A few days ago, the famous accounting firm PricewaterhouseCoopers reported on "Chinese companies' overseas investment" that manufacturing enterprises have become the main force for Chinese companies to invest overseas. According to PricewaterhouseCoopers, as of December 2007, the manufacturing industry accounted for 53.4% ​​of China's overseas investment entities, while mining companies, which once had huge acquisition funds and affected a wide range of concerns, accounted for only 4.6% of overseas investment entities.

Deutsche Bank predicts that the annual growth rate of China's overseas investment in the next 10 years may be as high as 50%. However, due to factors such as national financial policies and the size of enterprises, the current state-owned enterprises are still the main force of overseas investment, and their share far exceeds other forms of economy.

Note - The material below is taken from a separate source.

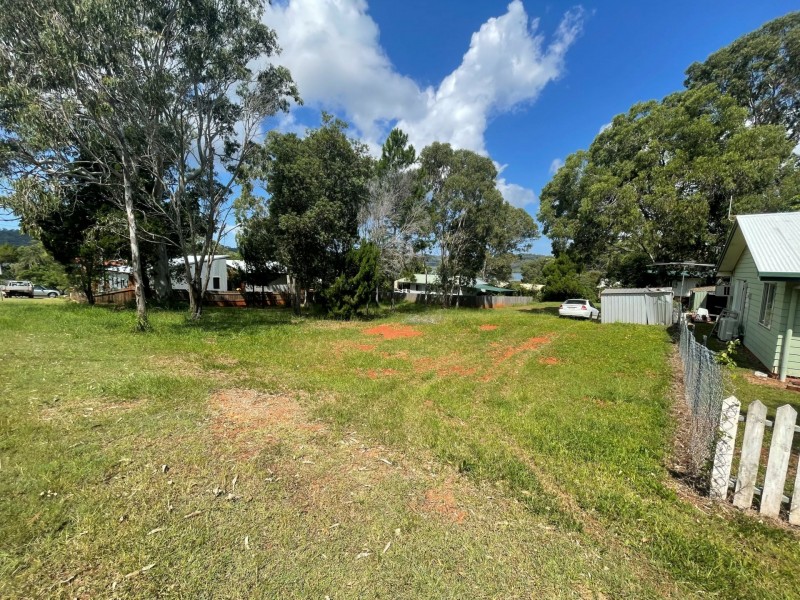 16 PATTERSON, Russell Island QLD 4184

Overseas investment enters an accelerated development stage

Huang Jia, a partner of PricewaterhouseCoopers, who is responsible for overseas investment projects of Chinese companies, said that in 2007, China's large-scale overseas acquisitions and mergers and acquisitions emerged in an endless stream, and financial, steel, energy, and resource companies became the pioneers.

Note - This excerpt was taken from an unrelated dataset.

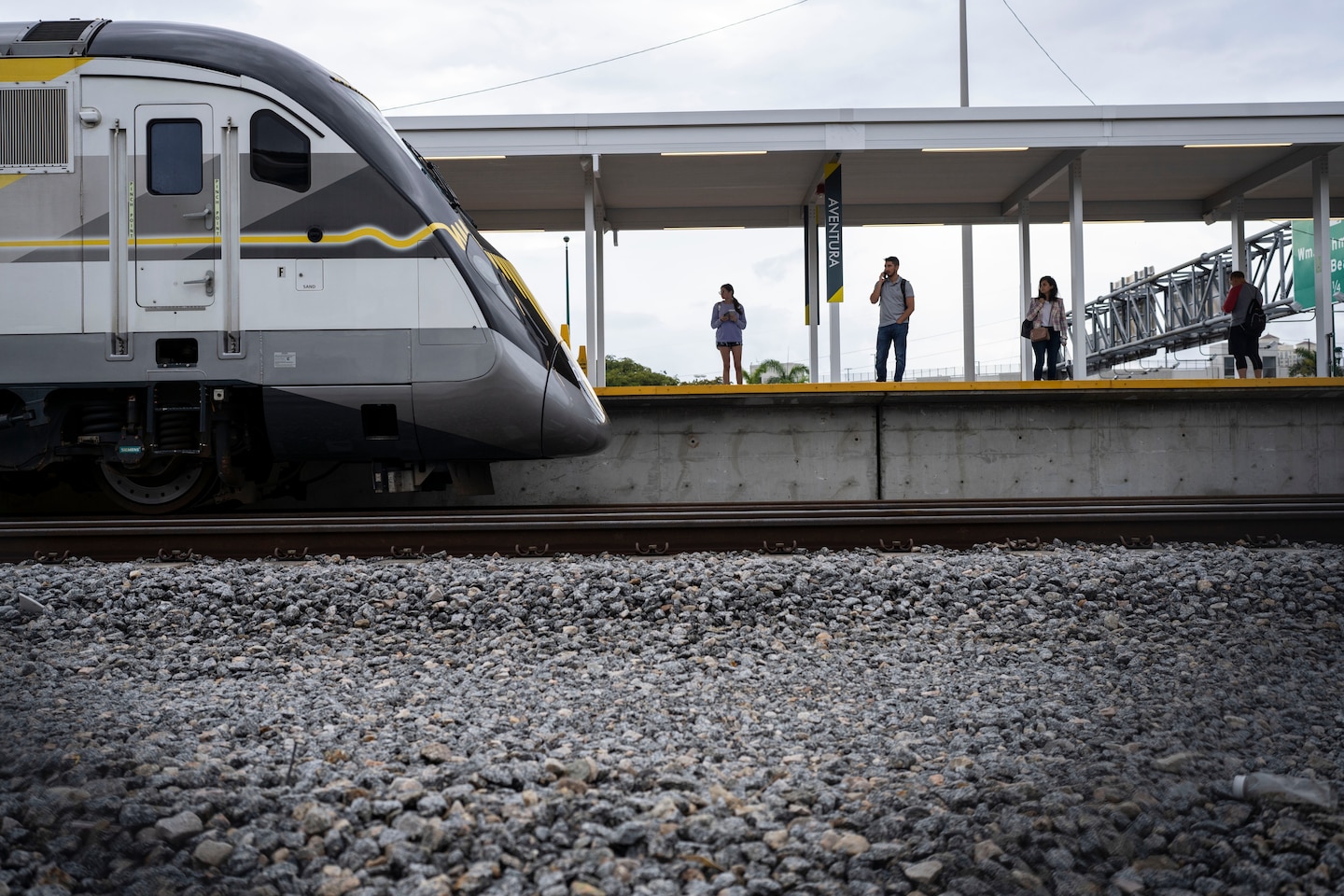 Featured image for Brightline Expands High-Speed Rail Service to Orlando and Miami, Sparks Debate Over Station Locations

According to the report of PricewaterhouseCoopers, China's overseas investment has now surpassed the stage of “frame formation and all-round development” and entered an accelerated development stage. It is characterized by the establishment of sovereign funds and the rise of financial participation. In the industry, in addition to the manufacturing industry, the mergers and acquisitions of financial enterprises and resources have begun to accelerate. Representative enterprises such as CNOOC, Minmetals, and ICBC.

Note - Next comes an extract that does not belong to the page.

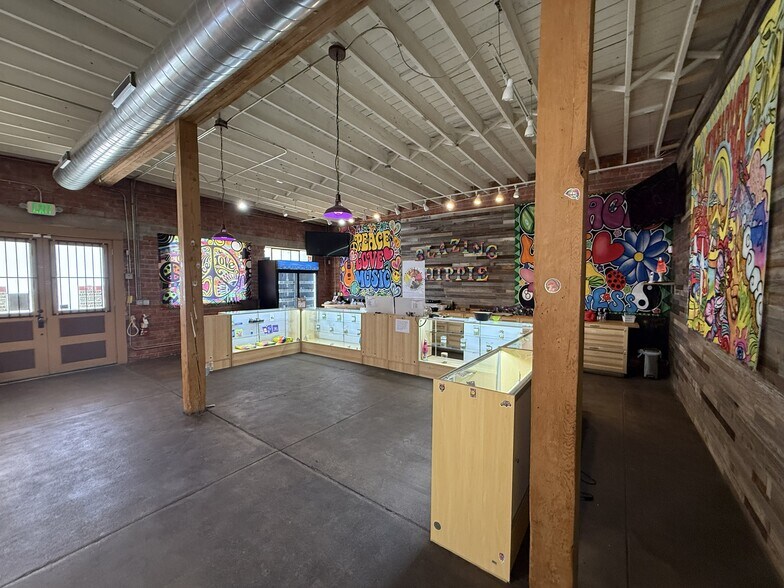 More Photos Of 123 W Cedar St, Trinidad General Retail For Sale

For example, Ping An Insurance, China's second-largest life insurance company, spent US$2.7 billion to acquire its 4.2% stake in Fortis Bank of Belgium-Netherlands Banking Insurance Group as its major shareholder. This is the latest trend in a series of overseas investments by China Financial Group.

Huang Jia believes that the overseas investment of China's mining and energy companies has achieved certain results. For example, in 2005, China's imports of 127 million tons of crude oil and 280 million tons of iron ore, the direct share of direct mining by Chinese enterprises reached 20%; At present, through foreign investment cooperation, China has accumulated more than 100 million tons of equity oil.

Jin Hao, deputy director of the Institute of Industrial Economics of the Chinese Academy of Social Sciences, said that in order to alleviate China's resource pressure, one of the strategic ways for China's future development should be to realize the internationalization of heavy chemical industry, that is, to make overseas investment to make better use of international resources.

Private enterprises overseas acquisitions hit the wall

According to industry insiders, in addition to the official statistics of China's overseas investment in 2007, the amount of overseas investment is more than 20 billion US dollars. Actually, there are still a large number of overseas investment by private enterprises and the reinvestment of enterprises after overseas financing are not counted.